恋の訪れ
「俺は既に莉音と付き合ってると思ってた。でも莉音はそう思ってなかったって事?」
「だ、だって…不安なんだもん」
「不安?」
「だって昴先輩…いっぱい女の人いるんだもん」
「つか作った覚えもないけど」
「でも、」
「てか俺も不安だし」
「なんで?」
落としてた視線を上げると、昴先輩の瞳とかち合う。
その一瞬だけでも物凄くドキドキした。
「だってお前、ちゃんと見とかねーと何しでかすか分かんねーし」
「仕出かす?」
「ホロホロ着いて行ったりすんだろ」
「しないよ」
「前、聖に着いて行ったじゃねーかよ」
「だってそれは昴先輩の弟じゃん」
「弟だとしてもアイツも男だからな。
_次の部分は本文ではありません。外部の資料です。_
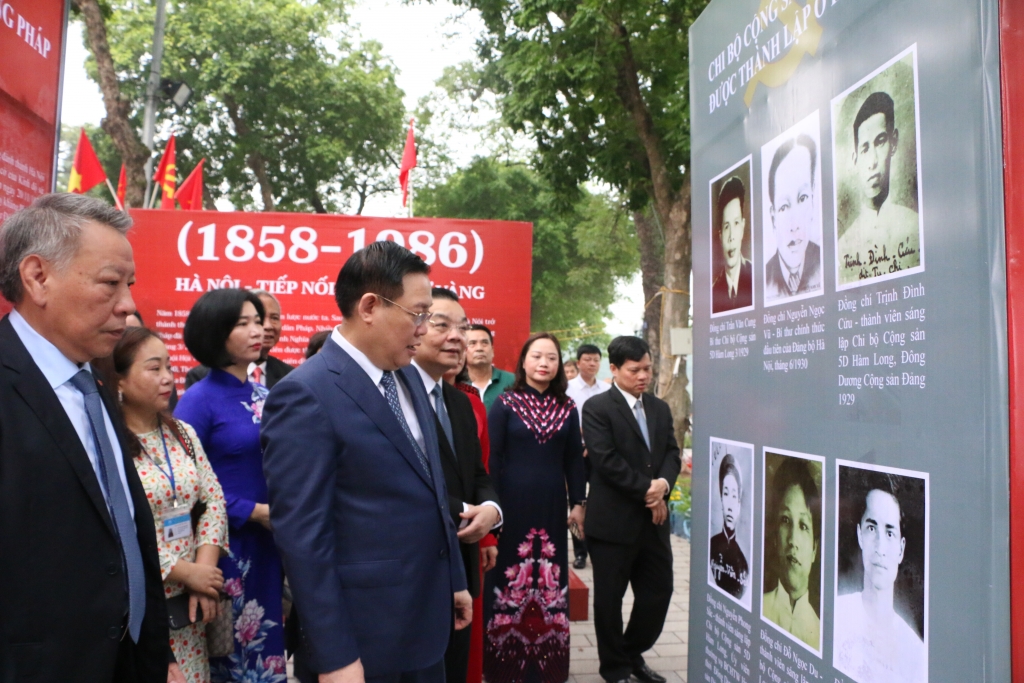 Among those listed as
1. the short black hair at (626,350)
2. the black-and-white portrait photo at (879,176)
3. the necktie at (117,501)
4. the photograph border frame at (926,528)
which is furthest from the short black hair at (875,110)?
the short black hair at (626,350)

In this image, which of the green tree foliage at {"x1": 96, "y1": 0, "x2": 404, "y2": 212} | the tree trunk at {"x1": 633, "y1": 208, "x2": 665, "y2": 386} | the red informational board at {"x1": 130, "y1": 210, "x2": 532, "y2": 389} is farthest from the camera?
the green tree foliage at {"x1": 96, "y1": 0, "x2": 404, "y2": 212}

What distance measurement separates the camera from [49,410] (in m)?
1.50

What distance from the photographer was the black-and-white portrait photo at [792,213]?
2.03 metres

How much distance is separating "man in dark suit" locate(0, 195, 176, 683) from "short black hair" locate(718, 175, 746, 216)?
1.68 meters

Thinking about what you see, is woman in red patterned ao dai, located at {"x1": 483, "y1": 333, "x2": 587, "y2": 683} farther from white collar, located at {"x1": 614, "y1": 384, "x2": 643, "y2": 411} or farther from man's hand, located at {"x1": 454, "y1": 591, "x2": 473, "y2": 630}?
man's hand, located at {"x1": 454, "y1": 591, "x2": 473, "y2": 630}

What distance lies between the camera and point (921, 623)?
5.31 feet

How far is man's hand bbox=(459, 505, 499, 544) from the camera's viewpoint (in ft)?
8.43

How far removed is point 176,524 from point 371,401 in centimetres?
98

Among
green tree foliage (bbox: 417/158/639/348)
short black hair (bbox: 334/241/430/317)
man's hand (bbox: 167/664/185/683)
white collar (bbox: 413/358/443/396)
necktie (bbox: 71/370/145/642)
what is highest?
green tree foliage (bbox: 417/158/639/348)

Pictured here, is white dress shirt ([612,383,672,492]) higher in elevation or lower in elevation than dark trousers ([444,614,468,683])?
higher

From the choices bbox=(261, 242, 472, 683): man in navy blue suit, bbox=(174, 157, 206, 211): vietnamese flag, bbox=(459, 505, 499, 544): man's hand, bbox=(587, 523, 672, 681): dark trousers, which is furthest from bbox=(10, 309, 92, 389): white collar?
bbox=(174, 157, 206, 211): vietnamese flag

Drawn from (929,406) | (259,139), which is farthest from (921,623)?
(259,139)

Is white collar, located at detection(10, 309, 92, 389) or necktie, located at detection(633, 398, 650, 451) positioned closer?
white collar, located at detection(10, 309, 92, 389)

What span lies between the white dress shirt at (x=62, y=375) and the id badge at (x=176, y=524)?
1.03 metres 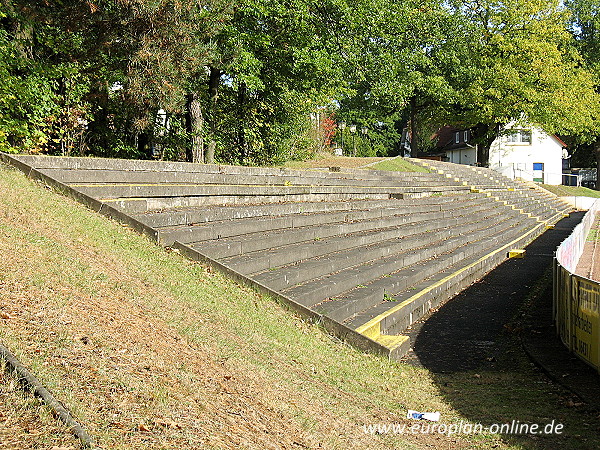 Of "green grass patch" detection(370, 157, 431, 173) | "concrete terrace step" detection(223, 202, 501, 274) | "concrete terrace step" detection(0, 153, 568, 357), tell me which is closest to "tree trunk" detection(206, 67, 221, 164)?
"concrete terrace step" detection(0, 153, 568, 357)

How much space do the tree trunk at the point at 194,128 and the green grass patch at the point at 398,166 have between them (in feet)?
46.5

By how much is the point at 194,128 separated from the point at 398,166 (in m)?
16.5

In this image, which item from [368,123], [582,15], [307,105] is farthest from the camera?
[368,123]

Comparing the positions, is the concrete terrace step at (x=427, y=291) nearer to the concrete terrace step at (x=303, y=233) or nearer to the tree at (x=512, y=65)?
the concrete terrace step at (x=303, y=233)

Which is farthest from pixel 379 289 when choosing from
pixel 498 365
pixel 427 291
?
pixel 498 365

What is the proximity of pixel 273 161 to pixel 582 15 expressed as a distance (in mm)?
54007

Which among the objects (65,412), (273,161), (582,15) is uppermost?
(582,15)

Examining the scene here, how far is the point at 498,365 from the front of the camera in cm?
854

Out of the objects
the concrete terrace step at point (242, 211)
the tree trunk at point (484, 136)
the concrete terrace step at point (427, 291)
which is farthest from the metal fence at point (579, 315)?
the tree trunk at point (484, 136)

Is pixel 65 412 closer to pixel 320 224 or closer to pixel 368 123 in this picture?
pixel 320 224

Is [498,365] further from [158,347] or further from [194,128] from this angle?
[194,128]

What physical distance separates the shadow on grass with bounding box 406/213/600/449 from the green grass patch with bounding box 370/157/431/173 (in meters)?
15.6

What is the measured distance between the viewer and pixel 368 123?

変な男には絡まれるし、それにサクヤとホテルに行くし、なんなのお前…」
「えー…でも、だってあれは昴先輩が…」
「俺が、なに?」
「…ううん。なんでも」
素早く首を振った。
「とにかく俺もすげー不安なんだけど。莉音だけじゃない」
「…んっ、」
不意に塞がった唇に息をするのを忘れてしまった。
何度も重なり合う唇に次第に目を閉じる。
昴先輩の力によって、あたしの身体が床に倒れ込む。
覆いかぶさるように重ね合わす唇が次第にゆっくりと離れ、
「莉音、俺と付き合ってくれんの?」
「…うん」
コクリと頷いたあたしに昴先輩はフッと笑って、もう一度唇を重ね合わした。